Collected data
┄┄┄┄┄┄┄┄┄┄┄┄┄┄┄┄┄┄┄┄

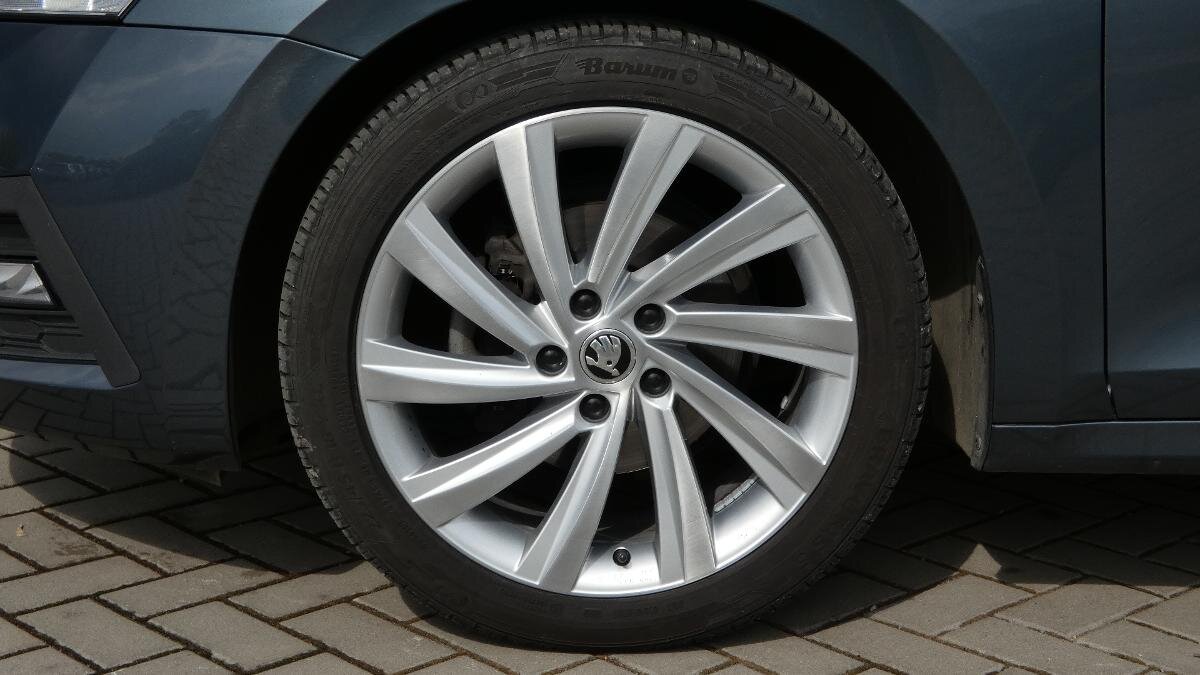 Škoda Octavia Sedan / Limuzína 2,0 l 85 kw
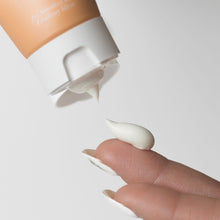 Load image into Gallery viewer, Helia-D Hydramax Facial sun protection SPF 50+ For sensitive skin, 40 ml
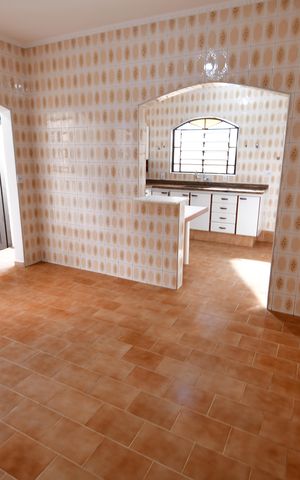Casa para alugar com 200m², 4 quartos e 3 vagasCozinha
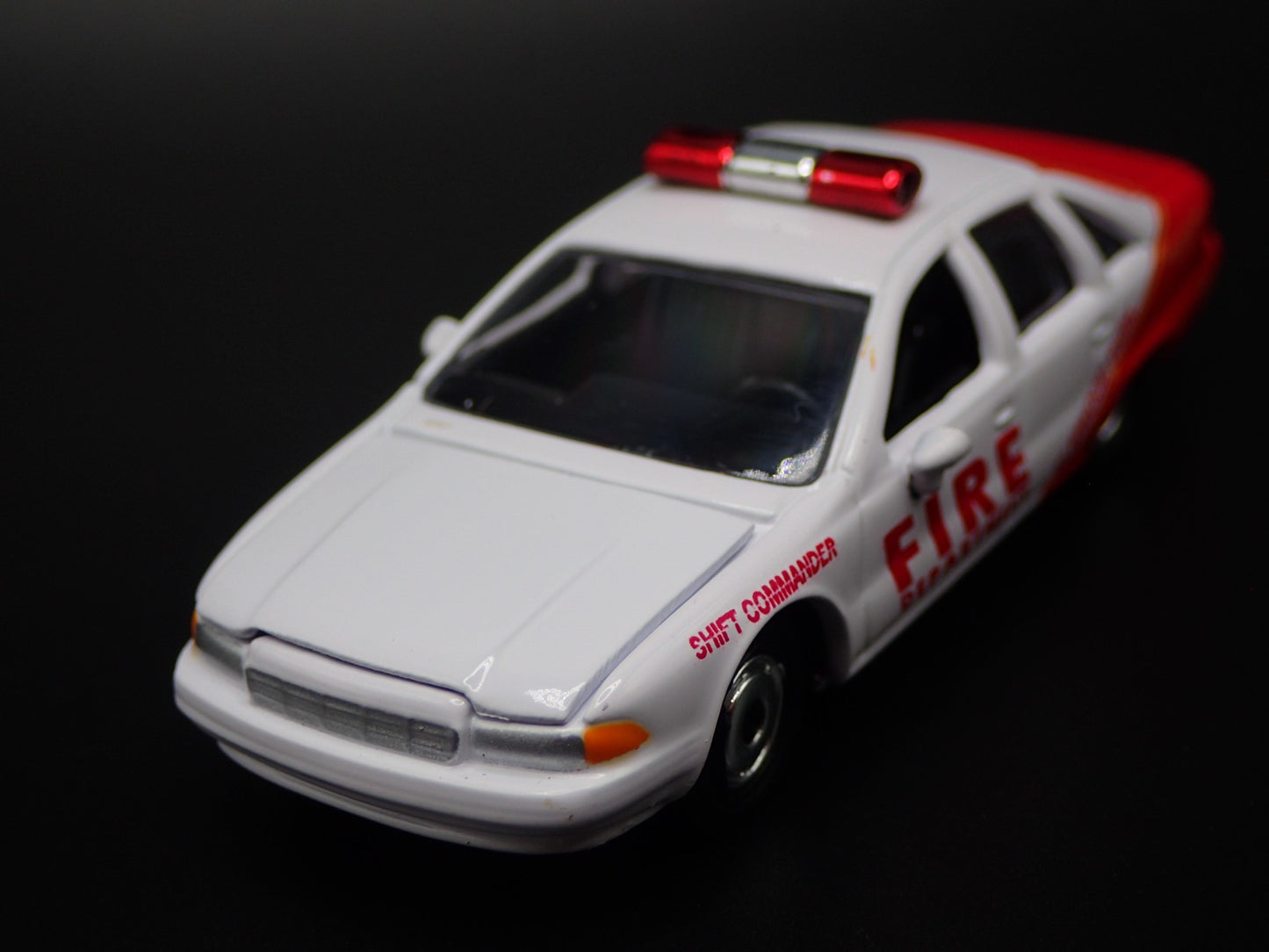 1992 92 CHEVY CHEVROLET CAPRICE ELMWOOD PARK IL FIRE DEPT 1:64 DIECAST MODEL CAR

┄┄┄┄┄┄┄┄┄┄┄┄┄┄┄┄┄┄┄┄

What is being asked
Without the pictures, write out the entire listing exactly.

Solved problem
 Škoda Octavia Sedan / Limuzína 2,0 l 85 kw
 Load image into Gallery viewer, Helia-D Hydramax Facial sun protection SPF 50+ For sensitive skin, 40 ml
Casa para alugar com 200m², 4 quartos e 3 vagasCozinha
 1992 92 CHEVY CHEVROLET CAPRICE ELMWOOD PARK IL FIRE DEPT 1:64 DIECAST MODEL CAR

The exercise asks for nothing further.